The large cross that was on public land in a busy intersection in Bladensburg, Maryland and is maintained at taxpayer expense has been the target of litigation for some time. Its continued presence had been challenged by the American Humanist Association, the Freedom From Religion Foundation, and the Center for Inquiry. A US District Court judge had initially ruled that the cross did not violate the Establishment Clause but the First Circuit Court of Appeals in a 2-1 ruling overturned that ruling and said it had to come down.
But today the US Supreme Court reversed that decision yet again so the cross can stay. You can read the 7-2 majority opinion by justice Samuel Alito and the dissent by Justices Ruth Bader Ginsburg and Sonia Sotomayor here.

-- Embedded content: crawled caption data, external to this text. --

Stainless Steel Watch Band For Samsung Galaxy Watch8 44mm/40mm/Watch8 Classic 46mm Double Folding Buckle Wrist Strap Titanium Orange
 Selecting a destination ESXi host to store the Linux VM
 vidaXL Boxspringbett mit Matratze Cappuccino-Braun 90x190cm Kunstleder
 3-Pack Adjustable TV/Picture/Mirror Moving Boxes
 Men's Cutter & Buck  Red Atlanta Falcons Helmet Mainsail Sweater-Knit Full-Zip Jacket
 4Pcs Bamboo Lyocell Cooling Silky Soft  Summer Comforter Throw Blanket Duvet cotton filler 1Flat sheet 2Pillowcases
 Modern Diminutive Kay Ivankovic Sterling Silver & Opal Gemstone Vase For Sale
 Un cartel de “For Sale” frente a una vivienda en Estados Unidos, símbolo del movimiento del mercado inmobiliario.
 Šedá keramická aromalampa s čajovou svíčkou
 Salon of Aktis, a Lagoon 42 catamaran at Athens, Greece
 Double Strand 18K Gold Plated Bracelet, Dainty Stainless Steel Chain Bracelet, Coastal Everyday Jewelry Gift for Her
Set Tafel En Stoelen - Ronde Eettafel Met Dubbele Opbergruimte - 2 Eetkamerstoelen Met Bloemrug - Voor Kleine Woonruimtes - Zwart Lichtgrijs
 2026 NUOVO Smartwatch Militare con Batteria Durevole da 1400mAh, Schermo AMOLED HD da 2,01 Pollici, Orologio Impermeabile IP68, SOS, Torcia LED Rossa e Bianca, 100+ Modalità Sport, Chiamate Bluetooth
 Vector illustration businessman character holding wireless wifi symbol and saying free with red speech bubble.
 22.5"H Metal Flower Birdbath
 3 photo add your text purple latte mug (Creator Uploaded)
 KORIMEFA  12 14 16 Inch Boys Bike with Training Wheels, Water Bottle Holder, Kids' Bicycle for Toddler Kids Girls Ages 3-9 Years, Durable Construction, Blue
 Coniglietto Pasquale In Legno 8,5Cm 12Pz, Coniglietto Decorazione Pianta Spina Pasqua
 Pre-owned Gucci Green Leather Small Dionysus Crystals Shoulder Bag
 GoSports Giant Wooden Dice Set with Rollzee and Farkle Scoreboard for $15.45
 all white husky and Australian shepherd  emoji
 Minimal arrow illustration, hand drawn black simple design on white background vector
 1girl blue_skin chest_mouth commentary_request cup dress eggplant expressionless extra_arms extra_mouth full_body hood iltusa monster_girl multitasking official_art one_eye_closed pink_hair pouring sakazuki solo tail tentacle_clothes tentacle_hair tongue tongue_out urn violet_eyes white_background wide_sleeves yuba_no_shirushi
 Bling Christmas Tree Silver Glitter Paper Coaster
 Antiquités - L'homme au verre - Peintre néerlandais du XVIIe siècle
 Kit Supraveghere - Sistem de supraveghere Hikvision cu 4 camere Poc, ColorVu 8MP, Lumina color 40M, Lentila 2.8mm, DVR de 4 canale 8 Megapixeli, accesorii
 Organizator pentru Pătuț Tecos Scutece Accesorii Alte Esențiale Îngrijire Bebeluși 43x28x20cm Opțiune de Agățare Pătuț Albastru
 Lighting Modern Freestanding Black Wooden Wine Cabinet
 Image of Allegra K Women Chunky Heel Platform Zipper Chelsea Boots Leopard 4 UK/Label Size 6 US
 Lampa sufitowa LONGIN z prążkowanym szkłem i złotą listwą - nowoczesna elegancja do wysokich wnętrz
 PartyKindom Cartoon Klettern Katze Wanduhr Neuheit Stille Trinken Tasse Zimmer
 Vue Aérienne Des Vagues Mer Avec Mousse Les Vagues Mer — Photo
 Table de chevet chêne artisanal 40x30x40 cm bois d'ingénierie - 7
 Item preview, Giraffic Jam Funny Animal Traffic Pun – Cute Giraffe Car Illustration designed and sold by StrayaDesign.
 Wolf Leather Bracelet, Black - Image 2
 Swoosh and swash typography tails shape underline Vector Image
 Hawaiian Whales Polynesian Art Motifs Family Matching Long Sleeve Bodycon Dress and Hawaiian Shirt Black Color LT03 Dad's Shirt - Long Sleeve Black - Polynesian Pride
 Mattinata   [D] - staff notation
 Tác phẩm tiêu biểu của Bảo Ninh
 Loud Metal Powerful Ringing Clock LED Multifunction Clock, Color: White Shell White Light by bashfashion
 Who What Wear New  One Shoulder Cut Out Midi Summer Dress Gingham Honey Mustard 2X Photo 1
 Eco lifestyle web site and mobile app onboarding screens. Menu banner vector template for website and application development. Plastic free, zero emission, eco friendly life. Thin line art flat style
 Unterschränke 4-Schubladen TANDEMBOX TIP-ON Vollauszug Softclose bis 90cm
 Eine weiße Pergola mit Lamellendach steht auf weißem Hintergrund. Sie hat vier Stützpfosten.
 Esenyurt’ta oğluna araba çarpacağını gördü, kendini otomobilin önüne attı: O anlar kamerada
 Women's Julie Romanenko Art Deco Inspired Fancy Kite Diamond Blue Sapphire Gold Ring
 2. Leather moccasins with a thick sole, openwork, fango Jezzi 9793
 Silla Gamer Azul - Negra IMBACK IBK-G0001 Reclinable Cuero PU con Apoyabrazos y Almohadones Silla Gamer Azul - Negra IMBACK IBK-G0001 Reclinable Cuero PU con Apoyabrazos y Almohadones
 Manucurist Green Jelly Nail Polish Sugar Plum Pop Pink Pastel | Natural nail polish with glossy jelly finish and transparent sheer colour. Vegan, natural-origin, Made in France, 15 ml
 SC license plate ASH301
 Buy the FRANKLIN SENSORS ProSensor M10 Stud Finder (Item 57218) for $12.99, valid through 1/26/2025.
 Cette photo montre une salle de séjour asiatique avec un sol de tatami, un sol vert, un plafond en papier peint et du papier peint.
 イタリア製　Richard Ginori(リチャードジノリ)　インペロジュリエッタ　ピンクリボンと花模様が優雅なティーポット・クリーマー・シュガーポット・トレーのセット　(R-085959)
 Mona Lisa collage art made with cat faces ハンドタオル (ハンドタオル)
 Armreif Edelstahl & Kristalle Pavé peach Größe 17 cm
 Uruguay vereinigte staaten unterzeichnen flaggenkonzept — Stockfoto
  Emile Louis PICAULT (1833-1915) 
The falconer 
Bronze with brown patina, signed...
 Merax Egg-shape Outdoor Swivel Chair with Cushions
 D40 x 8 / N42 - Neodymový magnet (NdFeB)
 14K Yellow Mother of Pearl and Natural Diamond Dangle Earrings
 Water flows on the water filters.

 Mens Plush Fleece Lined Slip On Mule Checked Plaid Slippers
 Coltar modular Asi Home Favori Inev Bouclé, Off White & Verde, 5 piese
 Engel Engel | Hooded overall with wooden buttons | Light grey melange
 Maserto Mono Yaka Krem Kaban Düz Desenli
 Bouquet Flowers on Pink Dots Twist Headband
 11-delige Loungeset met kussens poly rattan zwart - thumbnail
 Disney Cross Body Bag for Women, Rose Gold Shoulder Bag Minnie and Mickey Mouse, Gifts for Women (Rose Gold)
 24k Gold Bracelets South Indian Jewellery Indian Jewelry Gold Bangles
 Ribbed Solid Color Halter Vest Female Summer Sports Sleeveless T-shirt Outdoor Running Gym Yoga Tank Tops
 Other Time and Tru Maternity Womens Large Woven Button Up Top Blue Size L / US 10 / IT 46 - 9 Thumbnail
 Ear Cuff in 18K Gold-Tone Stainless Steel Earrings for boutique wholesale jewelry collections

I am disappointed but not really surprised by this decision. Even before the Greece v. Galloway case that upheld opening prayers at government meetings, it has been clear that the Supreme Court is very reluctant to inflame religious opinions by demanding the elimination of symbolic expressions of religion. In his opinion, justice Samuel Alito invoked the same argument that the court uses when it does not want to eliminate some religious symbol that has been around for some time, by saying that over time it had essentially become secular and drained of any religious significance. This is the same thing said in retention of “In God We Trust” on the currency.
Such assertions of secularity can be interpreted as the court agreeing, in a backhanded way, that this is a secular nation. Of course, religious people do not see it in the same light. They see these allegedly secular symbols as actually a statement about the Christian nature of this country and view the rulings as endorsement of that view.
There is also a distinction between removinglongstanding symbols of religiosity and placing new ones. We have seen for example that putting new Ten Commandments monuments in public spaces now has met with greater resistance from the courts than removing old ones. As Alito wrote, there is a “presumption of constitutionality for longstanding monuments, symbols, and practices” and went on:
For nearly a century, the Bladensburg Cross has expressed the community’s grief at the loss of the young men who perished, its thanks for their sacrifice, and its dedication to the ideals for which they fought. It has become a prominent community landmark, and its removal or radical alteration at this date would be seen by many not as a neutral act but as the manifestation of “a hostility toward religion that has no place in our Establishment Clause traditions.” [My emphasis-MS]
Changing the status quo is harder and causes much more controversy than maintaining it and the court strives to find reasons to not do so. This results in the court tying itself up in knots to justify the status quo and explain why some religious symbols are allowed and others not, leaving confusion in its wake, when drawing a clean line between religion and state (as justice William Brennan advocated) would simplify things considerably.
It will be interesting to see how the court would rule if some group wanted to put up a new cross on public land. I would not be surprised to see some religious group in a conservative community try to do just that.